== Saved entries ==
* * *
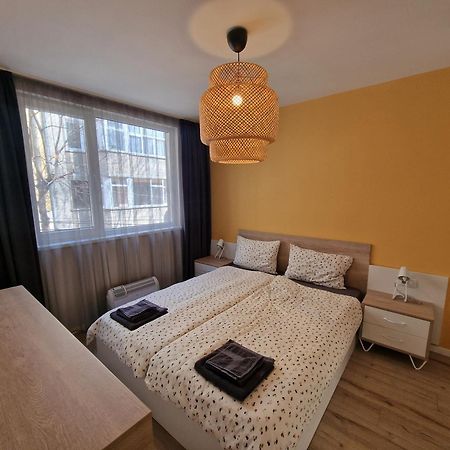 Brand New Luxury Flat In The City Center Varna Extérieur photo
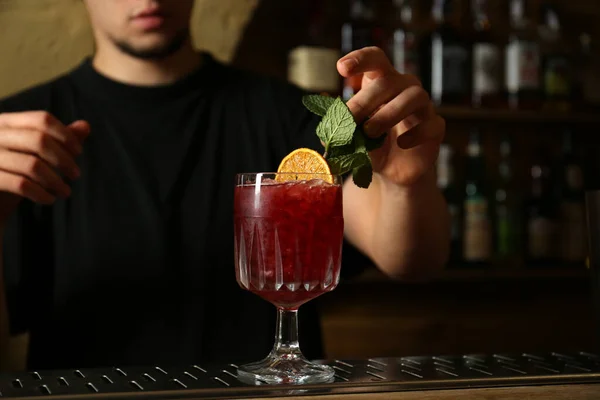 Bartender Dekorera Glas Färsk Alkoholhaltig Cocktail Vid Bardisken Närbild — Stockfoto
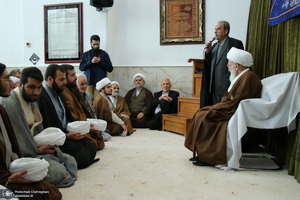 عمامه گذاری طلاب توسط مراجع عظام تقلید در روز میلاد امام علی (ع)‎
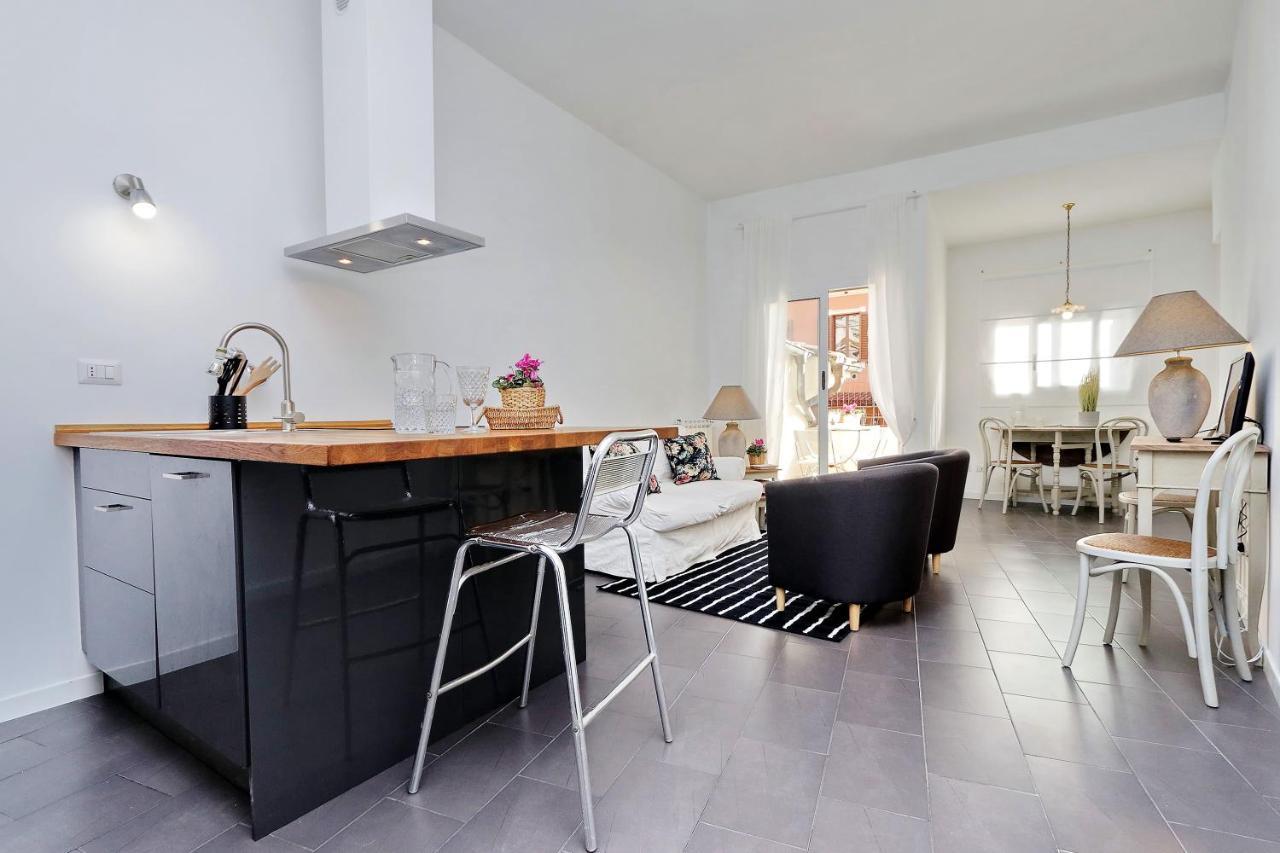 Monti Charming Apartment - Rome Short Let Service Zewnętrze zdjęcie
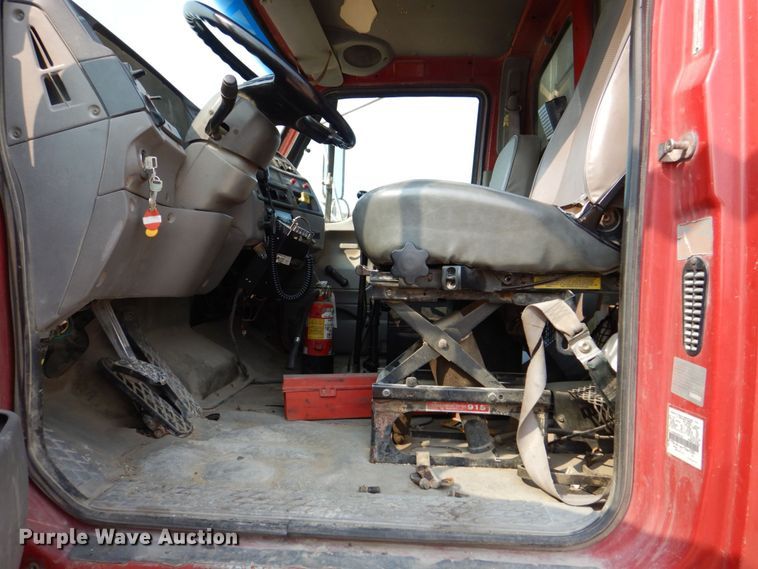 image for item DS8205 1997 Ford LNT8000  dump truck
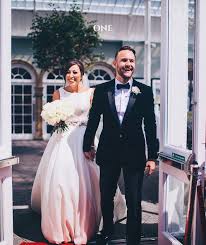 Here we are discussing the latest mens wedding sherwani collection by pakistan's most popular designers. Top 9 Wedding Suits For Men 2020 Go To List Of Wedding Suit Ideas 2020 50 Photos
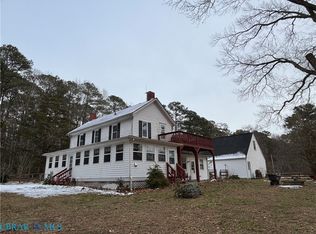 584 Hunts Rd, Port Haywood, VA 23138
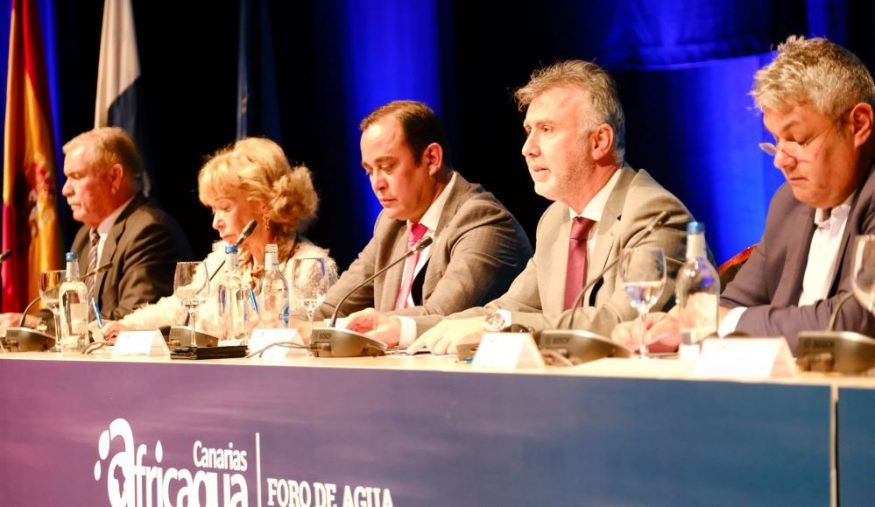Ángel Víctor Torres apuesta por las energías renovables como generadoras de economía e impulsoras del progreso social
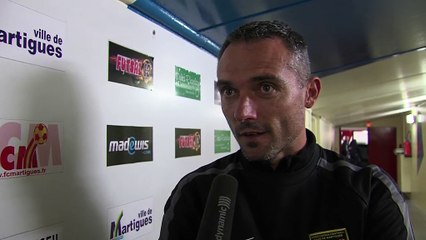 L'entraîneur Martégal Jérôme Erceau dans les vestiaires de Turcan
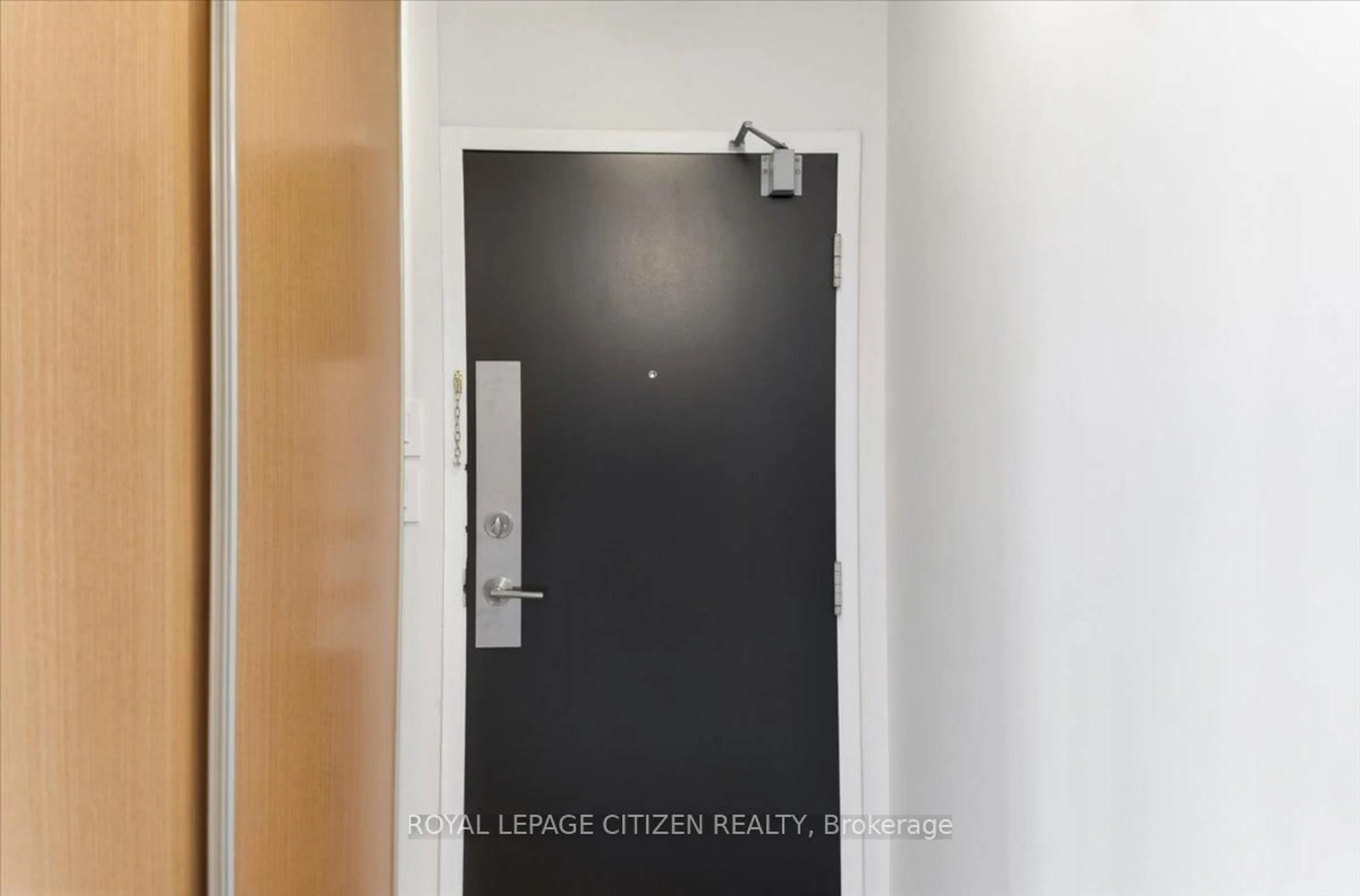 Indoor entryway for 757 Victoria Park Ave #PH03, Toronto Ontario M4C 5N8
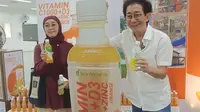 Direktur utama PT Sido Muncul Irwan Hidayat menunjukkan produk baru yakni vitamin c 1000 + D3 + zinc, di kompleks pabrik industri jamu dan farmasi PT Sido Muncul, Selasa (14/3/2023). Foto: liputan6.com/edhie prayitno ige.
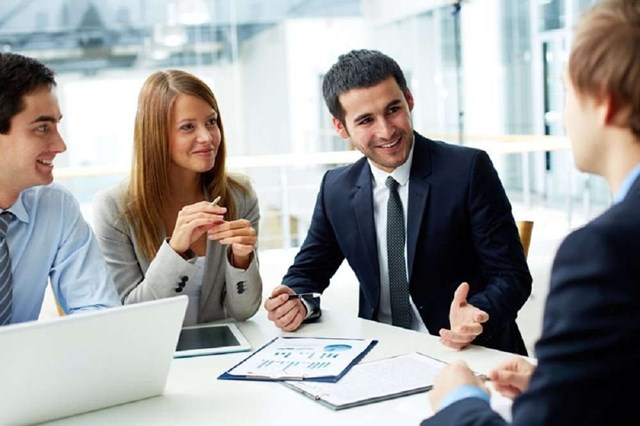 Sếp ngoại ng&#224;nh ng&#226;n h&#224;ng v&#224; c&#244;ng nghệ được săn l&#249;ng - Ảnh 1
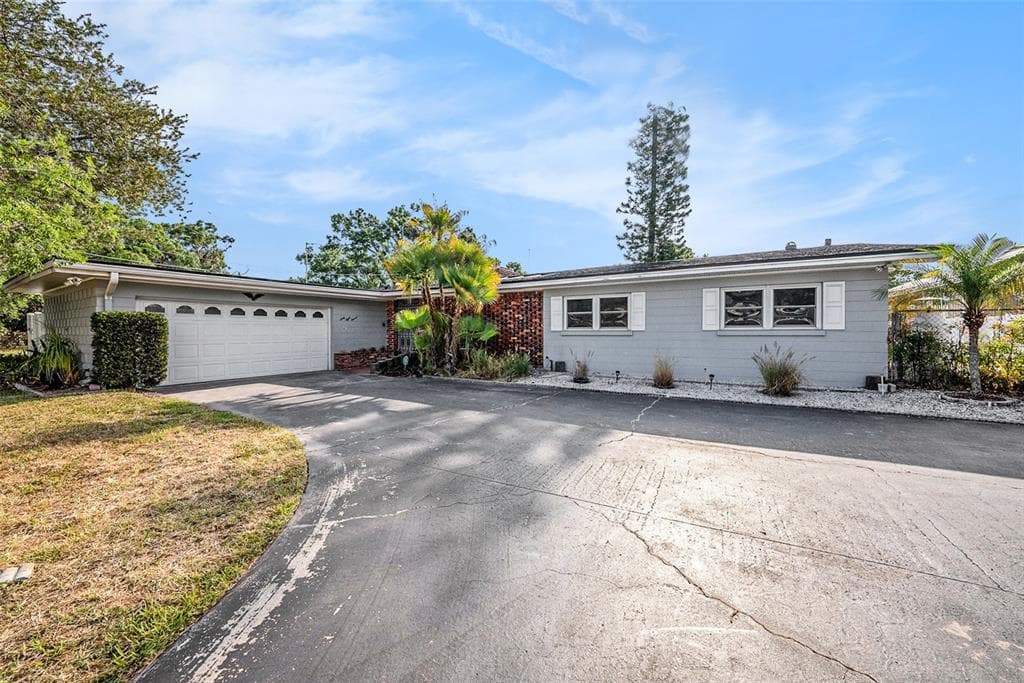 6811 N HIMES AVENUE TAMPA, FL 33614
* * *
== Exercise brief ==
What is needed is a word-for-word copy of the lines from the start of the data to the line with "image for item", inclusive, with no pictures in it.

== Your solution ==
 Brand New Luxury Flat In The City Center Varna Extérieur photo
 Bartender Dekorera Glas Färsk Alkoholhaltig Cocktail Vid Bardisken Närbild — Stockfoto
 عمامه گذاری طلاب توسط مراجع عظام تقلید در روز میلاد امام علی (ع)‎
 Monti Charming Apartment - Rome Short Let Service Zewnętrze zdjęcie
 image for item DS8205 1997 Ford LNT8000  dump truck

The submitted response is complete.